LIFESTYLE Holdings has defaulted on its obligation to pay out minority shareholders who opted for cash under an arrangement that involved issuing of new TN Harlequin International shares in exchange for Lifestyle shares.Lifestyle de-listed last year after shareholders voted in favour of a scheme of arrangement which resulted in them owning shares in new entity TNHI, a Mauritius-registered firm.
TNHI, which owns 100 percent shareholding in Lifestyle Holdings, was set up by the directors of Lifestyle as a vehicle to raise offshore funding for the group’s operations.
A cash option was approved for shareholders not willing to exchange their Lifestyle shares for TNHI shares.
Lifestyle Holdings offered a cash consideration of US$0,00645 for every Lifestyle ordinary share held, payable in four equal instalments.
The cash conversion price of US$0,00645 was at 61,25 percent premium of the trading price. The first payment date was July 5, 2013, some sources said yesterday. It has, however, emerged that Lifestyle has failed to fulfil its obligation on two instalments.
“The first instalment was due on July 5, 2013 and that was fully paid. However, Lifestyle is yet to fulfil its obligations in respect of second and third instalments that were due on October 3, 2013 and January 1, 2014 respectively,” said a source familiar with the developments.
The outstanding amount could not be established. Lifestyle chief executive Mr Tawanda Nyambirai could not be reached for a comment yesterday.
Prior to the approval of the scheme of arrangement, the Securities and Exchanges Commission of Zimbabwe had filed a High Court application arguing the proposed transaction violated rules requiring transparency and independence. It said there were material conflicts of interest, as the company was advising itself through TN Financial Services.
It also noted that de-listing of Lifestyle Holdings effectively destroyed any possibility of shareholders ever knowing the goings of their company, as was the case with CAPS Holdings which left shareholders holding merely onto share certificates.
SECZ said the schemes of arrangement were being abused as they were being used by bankrupt companies to escape public scrutiny and avoid being held accountable.

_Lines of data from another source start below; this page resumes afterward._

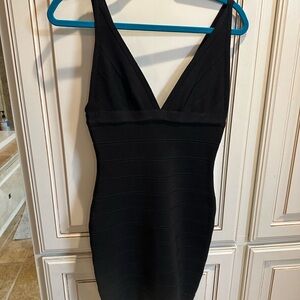 Medium size Herve Leger dress in black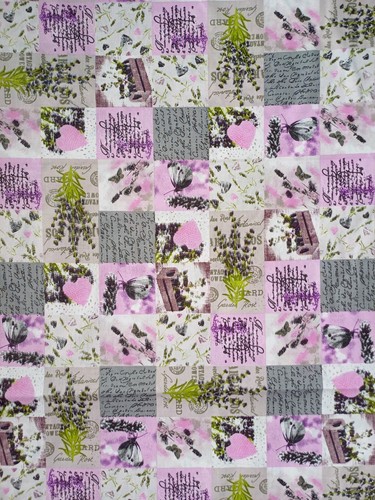 Tela 100% Algodón Lavanda Patchwork Púrpura Gris Ancho 160 cm (62") - Imagen 2 de 8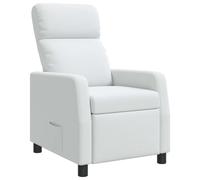 vidaXL Fauteuil inclinable Blanc Tissu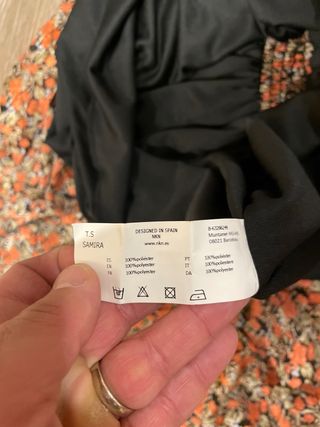 Vestido Nekane flores naranja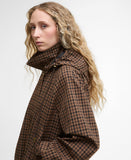 Barbour Audrey Showerproof Jacket - Vicuna Gingham Check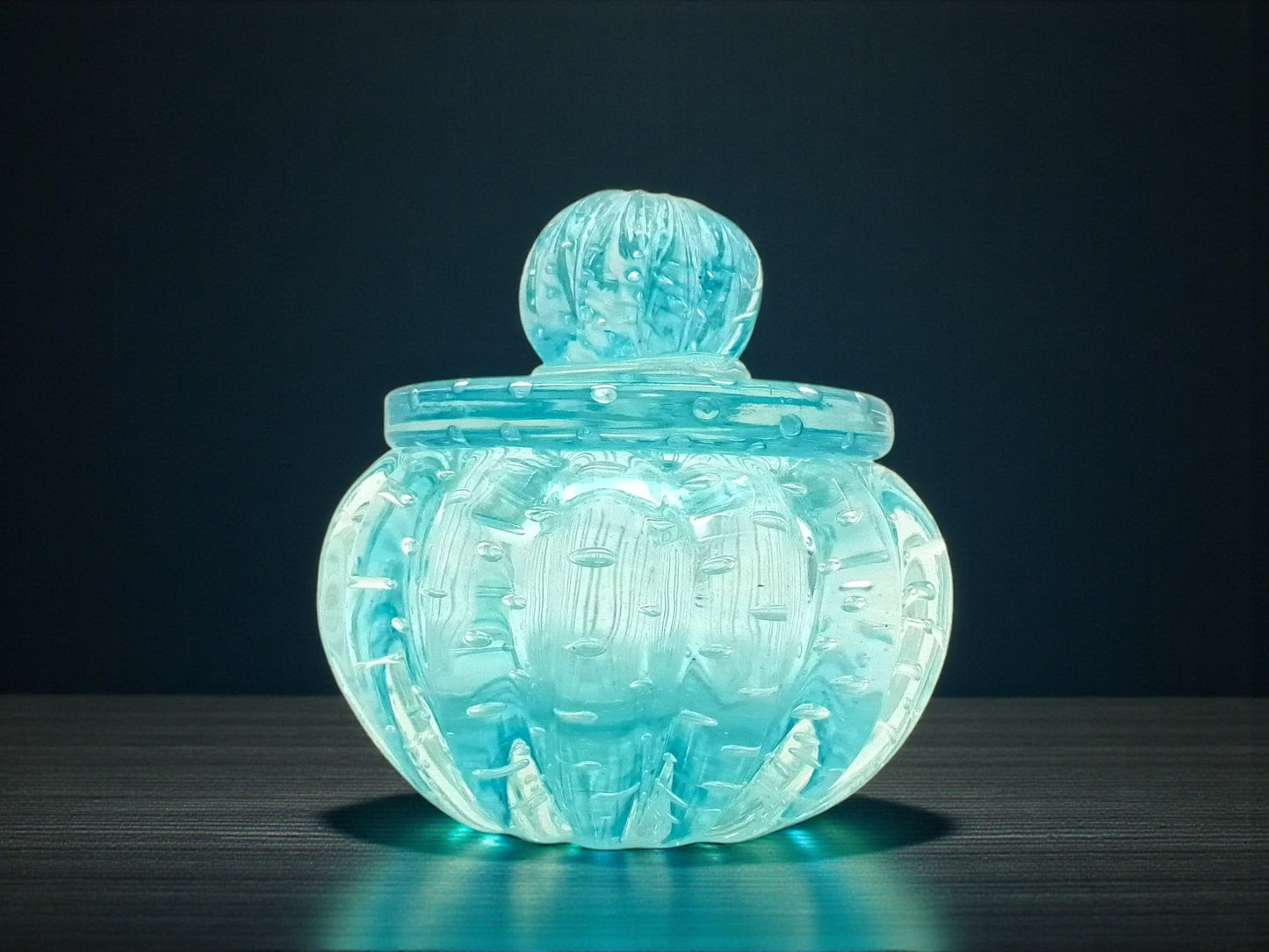 Set da Toilette in Vetro di Murano, Attr. Barovier&Toso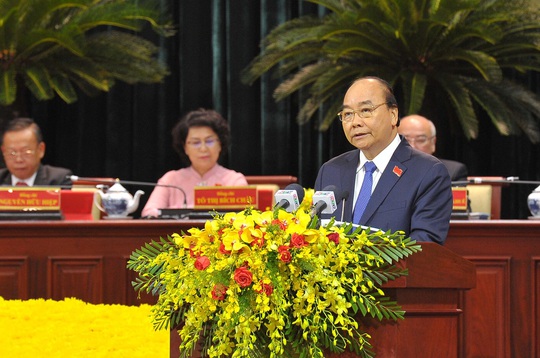 Thủ tướng Nguyễn Xuân Phúc: Đại hội mang tính quyết định tương lai của TP HCM - Ảnh 1.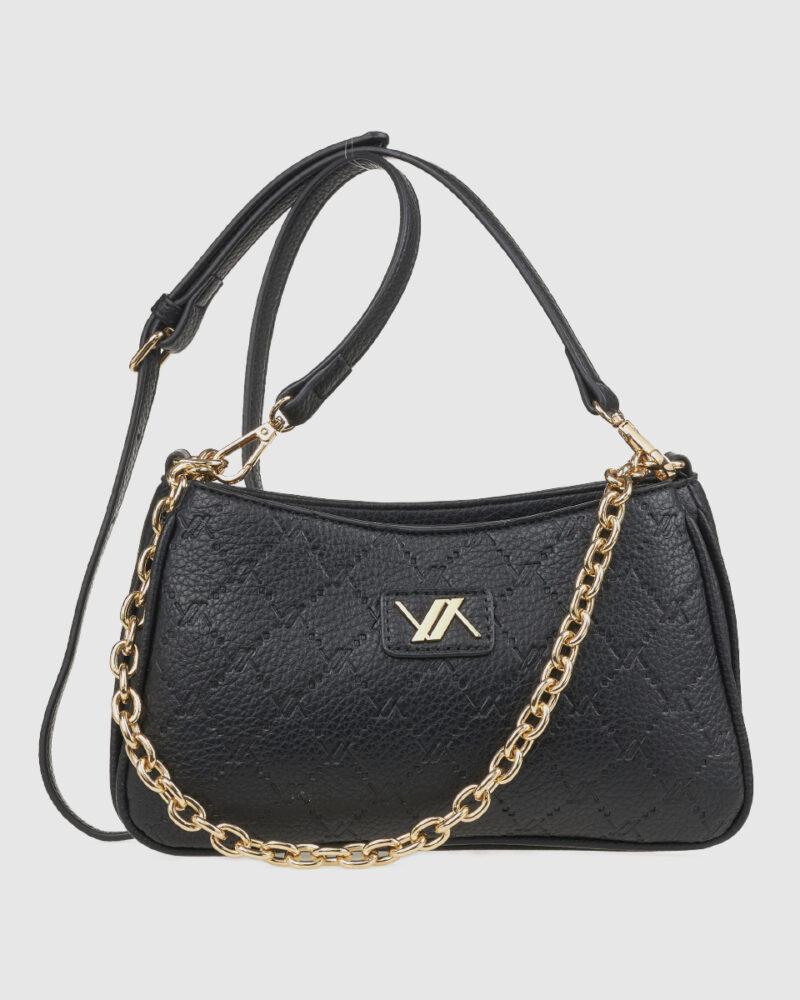 Τσάντα Χιαστί Verde 16-8118-Black
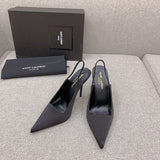 Close-up of Saint Laurent shoes craftsmanship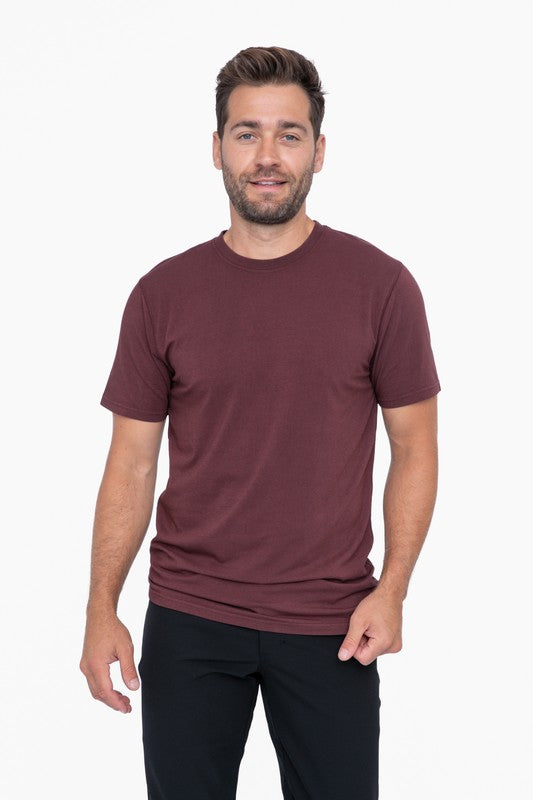 Pima Tee Burgundy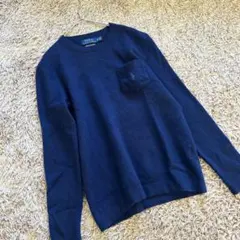 ポロラルフローレン カシミヤ100 XS 刺繍ロゴポケット 希少 美品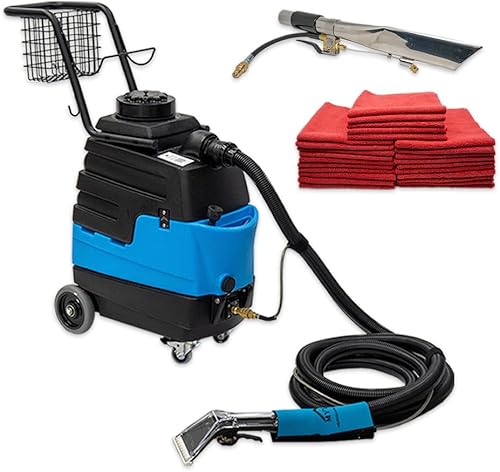 Detail King Mytee Lite 8070 - Extractor de alfombras calentado - Air Lite 8400P - Herramienta para hendiduras - Manguera de vacío y solución de 15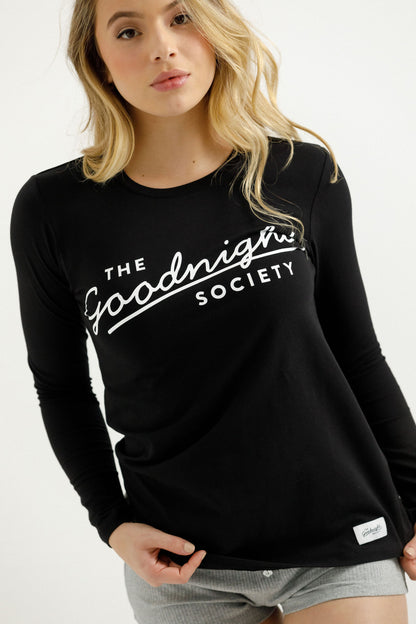Long Sleeve Tee - The Goodnight Society Black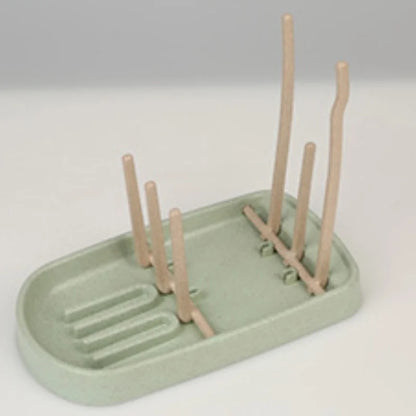 Baby Feeding Bottle Holder – Wheat Straw Drying & Storage Rack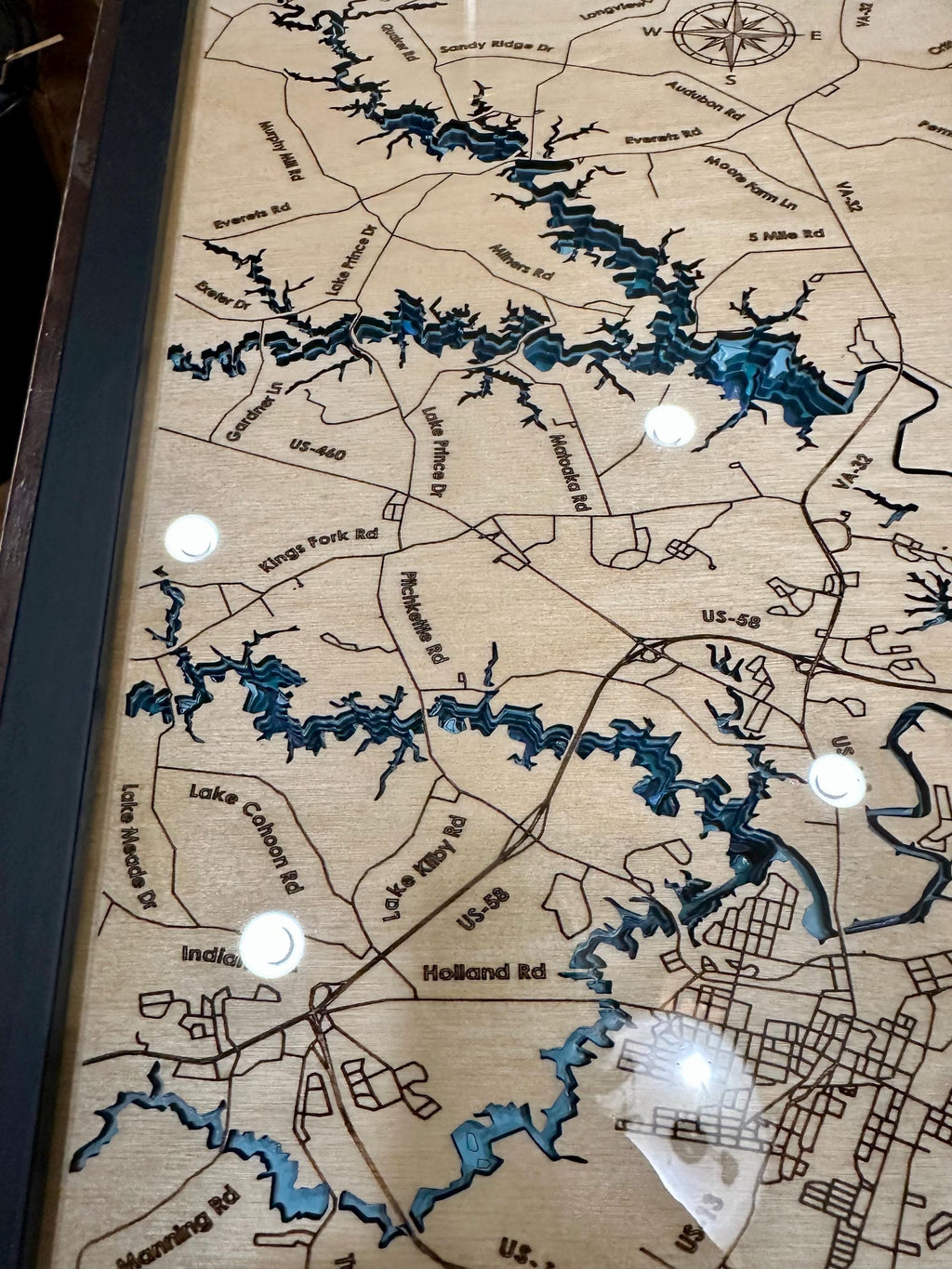 Suffolk VA 3D Bathymetric map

Lifestyle, which operates furniture manufacturing and retail and fast moving consumer businesses, is facing challenges and the group has significantly scaled down.
Lifestyle founder Mr Nyambirai said his business empire would not collapse as he is working to realign his remaining businesses to the prevailing macro-economic conditions.
In an interview recently, the Harare businessman took great exception to negative media reports that the business empire he toiled to build was crumbling, pointing out the reports are baffling as the group is simply right-sizing as everybody else is doing.
“Lifestyle is doing what everybody else should be doing in the circumstances, right sizing. We shall only keep those businesses where we are, or can be better than our competitors. Lifestyle shall not crumble,” he assured.
Explaining the inevitable need to right-size, Mr Nyambirai said TN Harlequin Luxaire – as the largest furniture manufacturer in the country – its operations employ in excess of 1 400 people, but challenges require it to reduce costs in order to survive the economic difficulties.
“Its manufacturing and retail arms employ in excess of 1 400 people. To carry this level of staff costs, the company has to generate sales in excess of US$1,8 million per month. (But) the average sales per month for 2013 were far below this figure,” Mr Nyambirai said.